May 13, 2010
interior stylist vanessa colyer tay
There is great camaraderie and good will among people who work in interior magazines. I've only ever worked on an interior title so I'm not sure what other sections of the industry are like, but it never ceases to amaze me how much love there is. I'd be lying if there wasn't a degree of healthy competition when looking at other local mags to see what they produce - both in terms of content and design, but it's always done with respect.
For example, whenever I look at Inside Out I'm always blown away by the work of style editor Vanessa Colyer Tay. She is, without a doubt, one of the best interior stylists in the country. And yet she's so lovely and approachable. And her own story comforts me that you don't always find what you want from life straight off. I'll let her tell you more...
Which five words best describe you? Totally and utterly in love.
How did you get your start and what path have you taken since?

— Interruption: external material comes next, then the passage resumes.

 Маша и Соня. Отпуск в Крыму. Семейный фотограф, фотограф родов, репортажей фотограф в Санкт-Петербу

I redirected my career path from hairdressing to advertising to interior styling, so the age-old saying third time's a charm is absolutely spot on. After studying at Enmore Design Centre, I took the typical path of a committed, nerdy, eager-to-learn styling pupil. I assisted some great Australian stylists who still inspire me today. One step at a time, I grew into my own. I worked freelance on a number of glossy titles before settling into a full-time styling role at Australian Home Beautiful. Now I reside at Inside Out magazine as its super-busy Style Editor.

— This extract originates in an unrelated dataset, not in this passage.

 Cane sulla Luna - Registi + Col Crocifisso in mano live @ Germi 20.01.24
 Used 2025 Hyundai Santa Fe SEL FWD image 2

What advice would you give to aspiring creatives? Just do it, less thought, less talk, more action.
What's your proudest career achievement? Most stylists will tell you that the end of any big shoot is a very proud moment, I'm no different. I love to bask in beautiful imagery once the chaos is over, but right now I'm quite happy with the cover styling of Inside Out magazine's 10th anniversary issue along with the styling of its 10th birthday party, an event which displayed art pieces for auction by the likes of Akira Isogawa, Kate Sylvester, David Bromley, Jason Benjamin and a whole swag of other talent. The night boasted oversized colourful dahlias, bright whimsical wire-furniture by Patricia Urquiola and an enchanting hanging garden.

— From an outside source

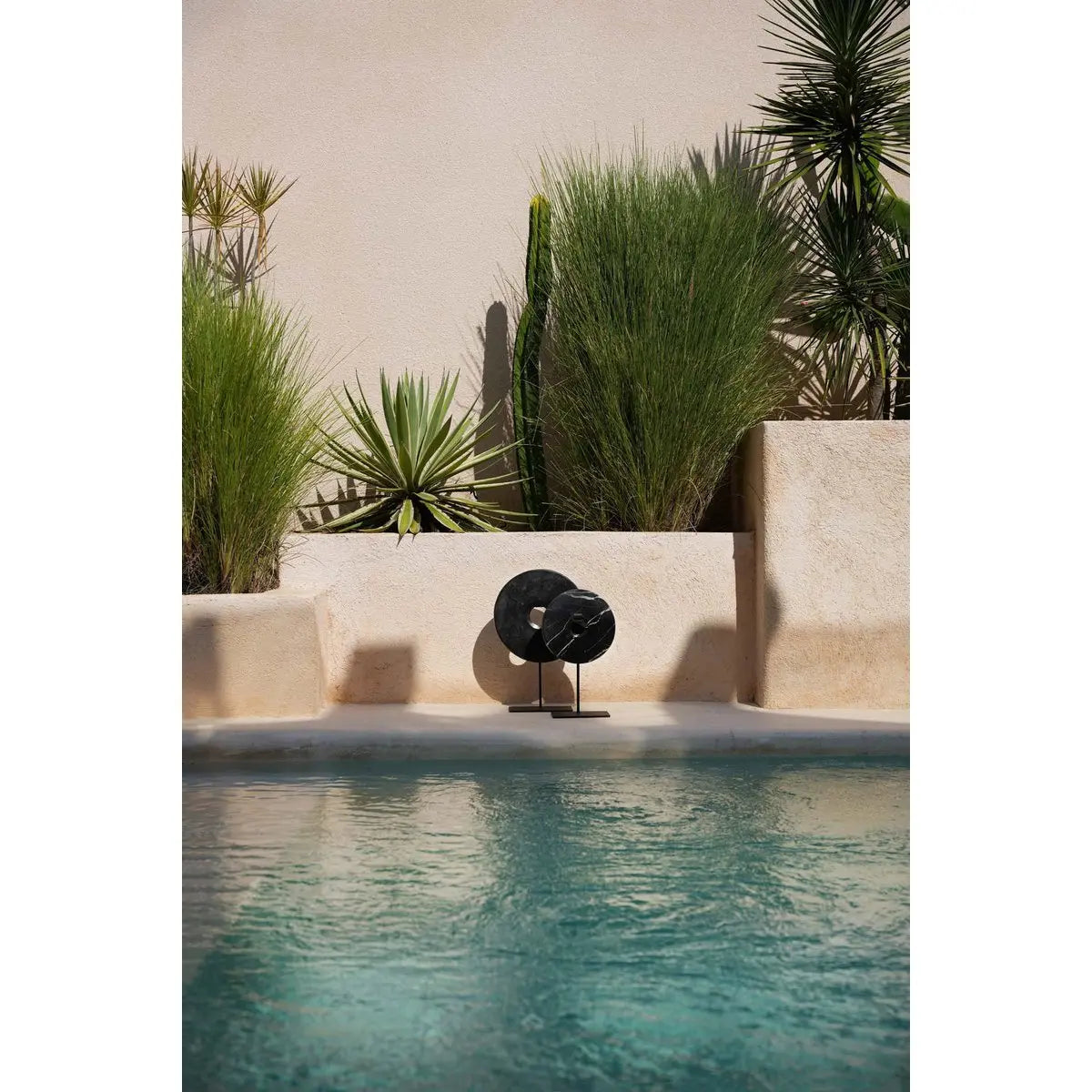 Le disque de marbre sur support - Noir - M Bazar Bizar Living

What has been your best decision? To explore, to be open, to scrap poor ideas (that I thought were good) to make way for great ones.
Who inspires you? My beautiful husband for his ease at being happy, my dad for his incredible working pow wow, my 5-year old burmilla for her adaptability, stylists, artists, creatives, people who suffer for their art but do it anyway, and of course, my mum.
What are you passionate about? Creating, relaxing, being calm among chaos, mental expansion, skill development, delivering good work, pretty pictures, nature, the beauty in
our everyday and the quirkiness in what some call ugly.
What dream do you still want to fulfil? Can I add an s please?! I have stacks of dreams, big and small, each one is worth conquering, no matter the size. Some are: motherhood, the Kokoda trail, styling projects for my favourite overseas publications, eternal happiness, rock climbing in Thailand.
What are you reading? Looking at the large stack of books on my living room floor, the top three are: Around Fog Linen (a little book/zine spun from the catalogue of Fog Linen, a very beautiful Lithuanian linen company based in Japan). It houses a bunch of creative people profiles and shows pictures of Fog Linen product in various creative people's homes around the world.
Design as Art by Bruno Munari and Marcel Breuer: Design and Architecture. Below these three titles are more design, art, and tree books, some read thoroughly, some merely grazed over, and some have rarely been opened but they have great spines.